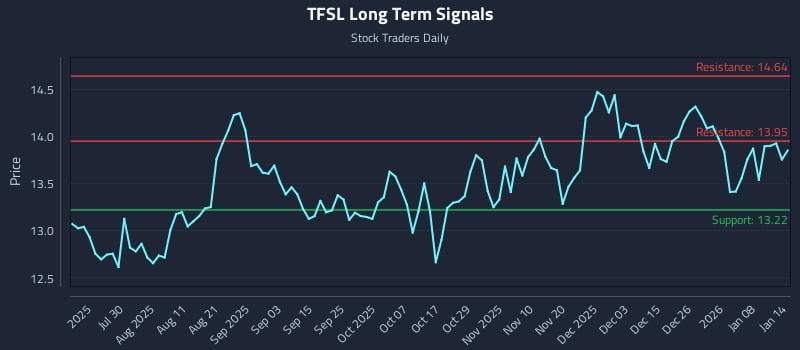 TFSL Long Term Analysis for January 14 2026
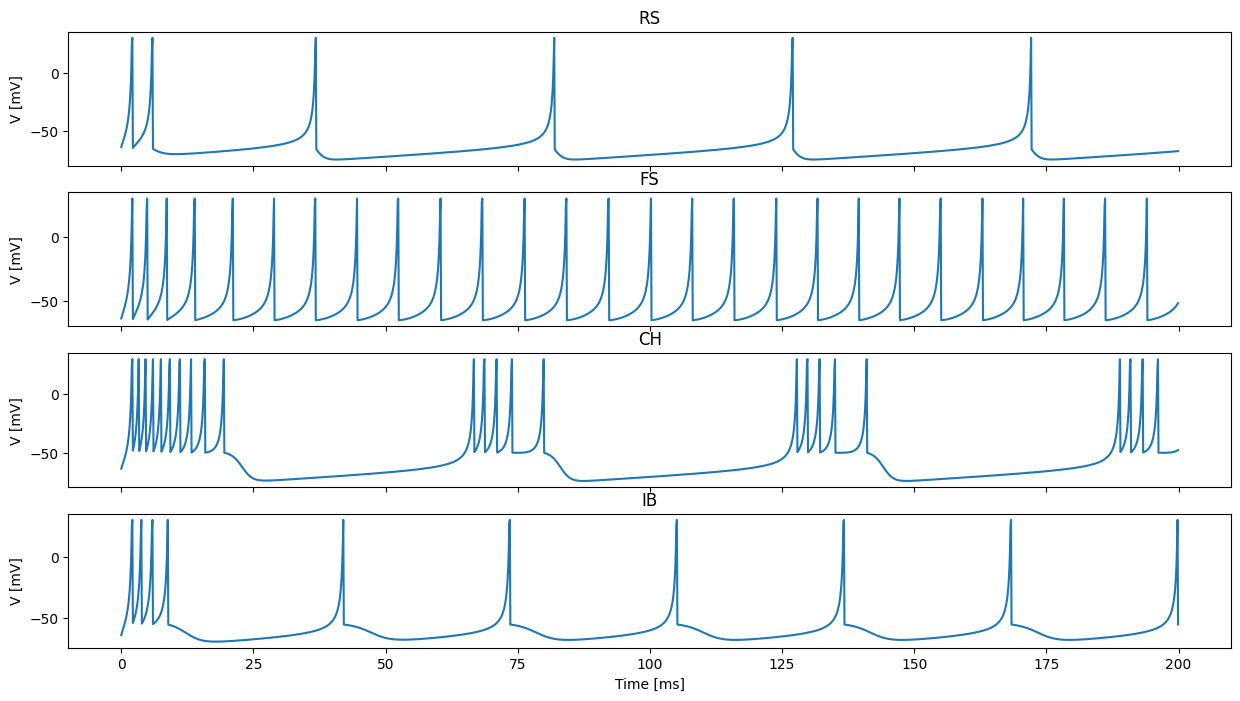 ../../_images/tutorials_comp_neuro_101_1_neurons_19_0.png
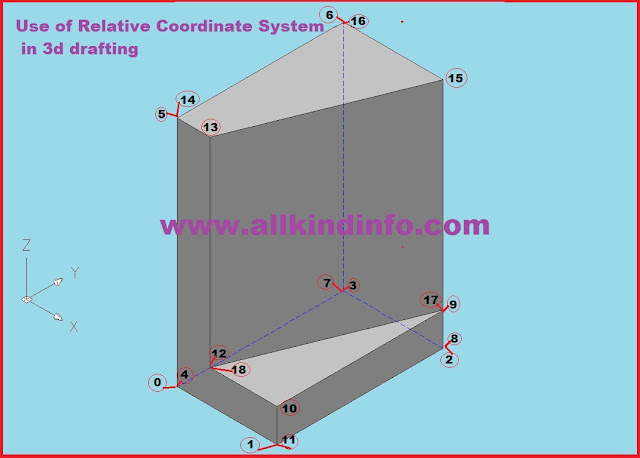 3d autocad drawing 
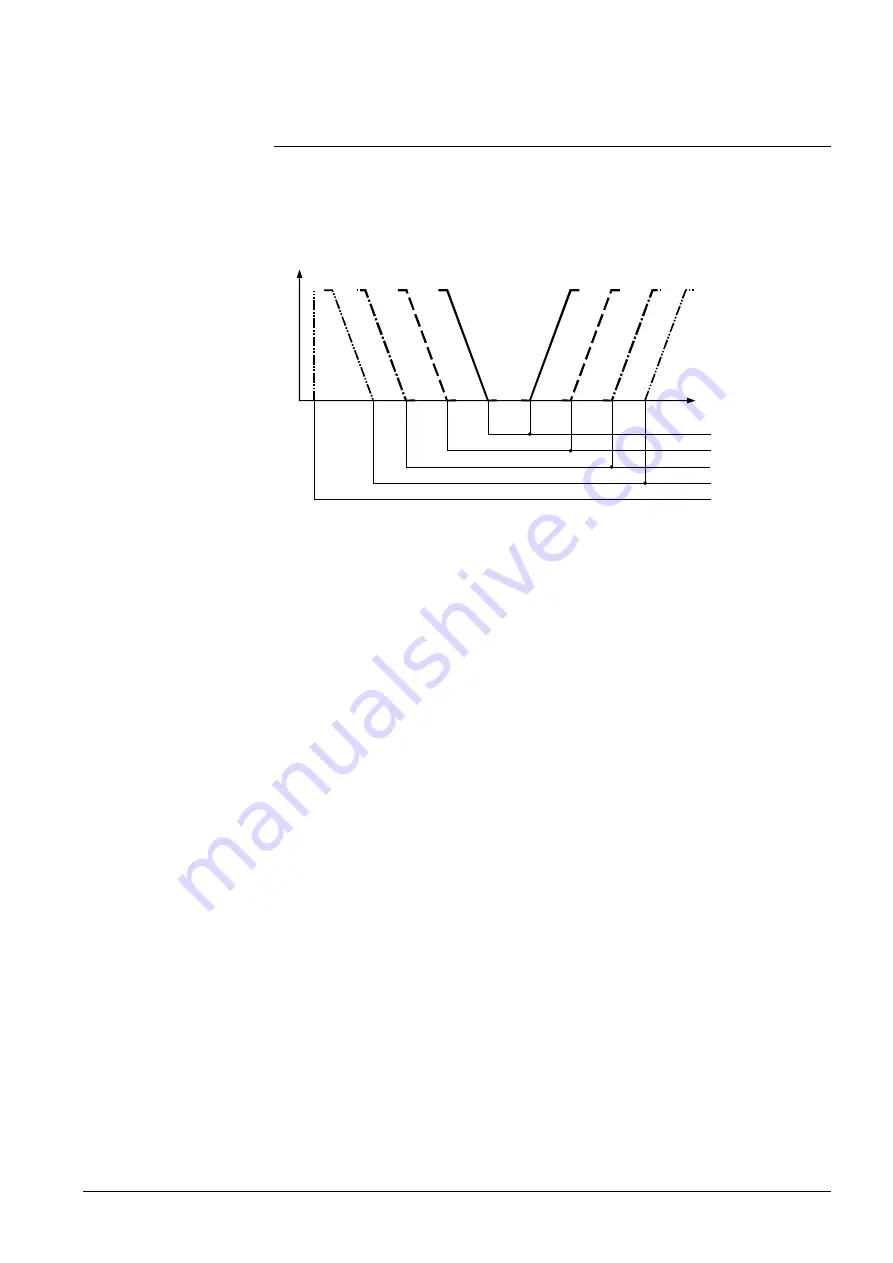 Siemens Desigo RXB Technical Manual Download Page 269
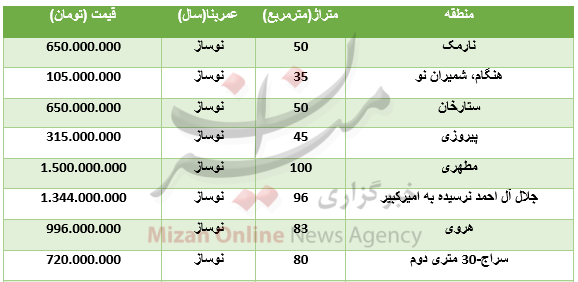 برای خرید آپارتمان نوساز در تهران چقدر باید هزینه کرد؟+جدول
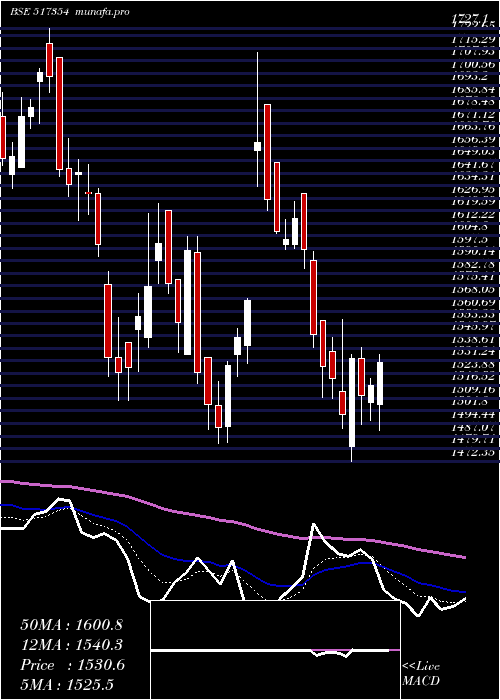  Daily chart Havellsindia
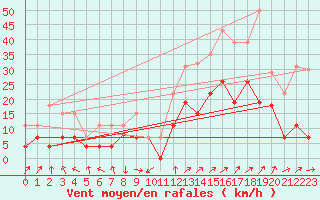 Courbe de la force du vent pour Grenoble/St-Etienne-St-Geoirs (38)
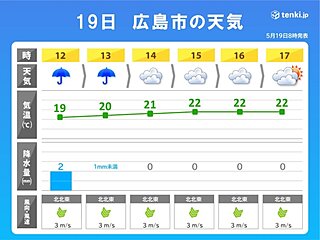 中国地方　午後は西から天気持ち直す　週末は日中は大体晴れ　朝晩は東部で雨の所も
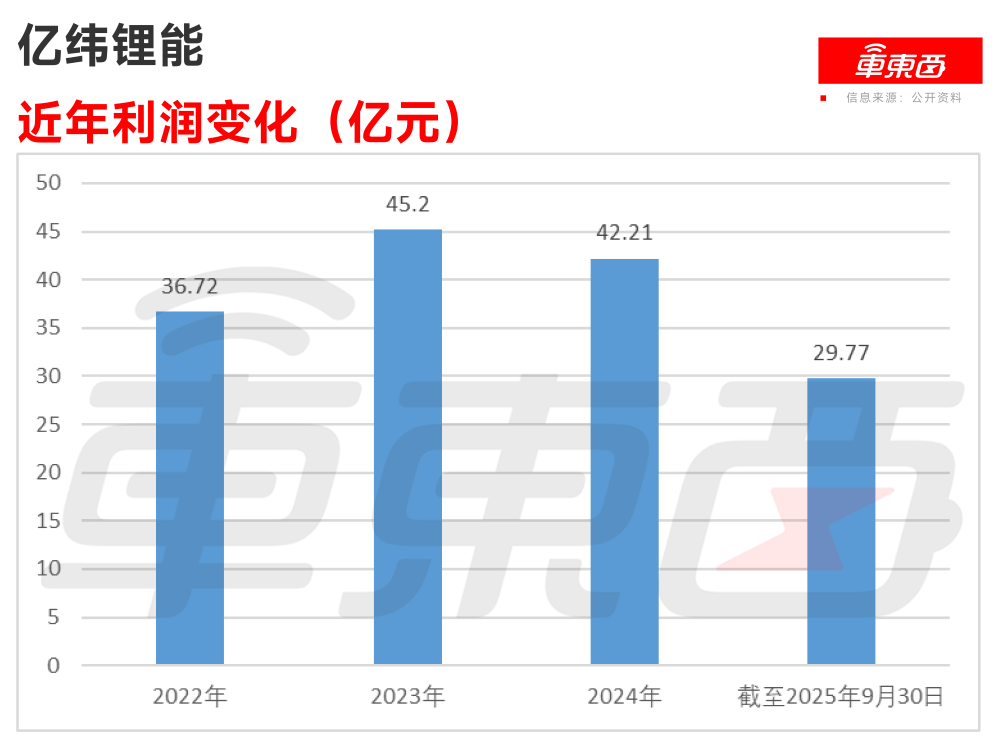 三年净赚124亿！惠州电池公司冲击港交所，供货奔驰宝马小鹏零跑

########################################

When you reach the line containing "Daily chart Havellsindia" in the records above, write out that line and every line after it through the end, exactly, but omit the pictures.

ANSWER TO THE PROBLEM:
  Daily chart Havellsindia
 Courbe de la force du vent pour Grenoble/St-Etienne-St-Geoirs (38)
 中国地方　午後は西から天気持ち直す　週末は日中は大体晴れ　朝晩は東部で雨の所も
 三年净赚124亿！惠州电池公司冲击港交所，供货奔驰宝马小鹏零跑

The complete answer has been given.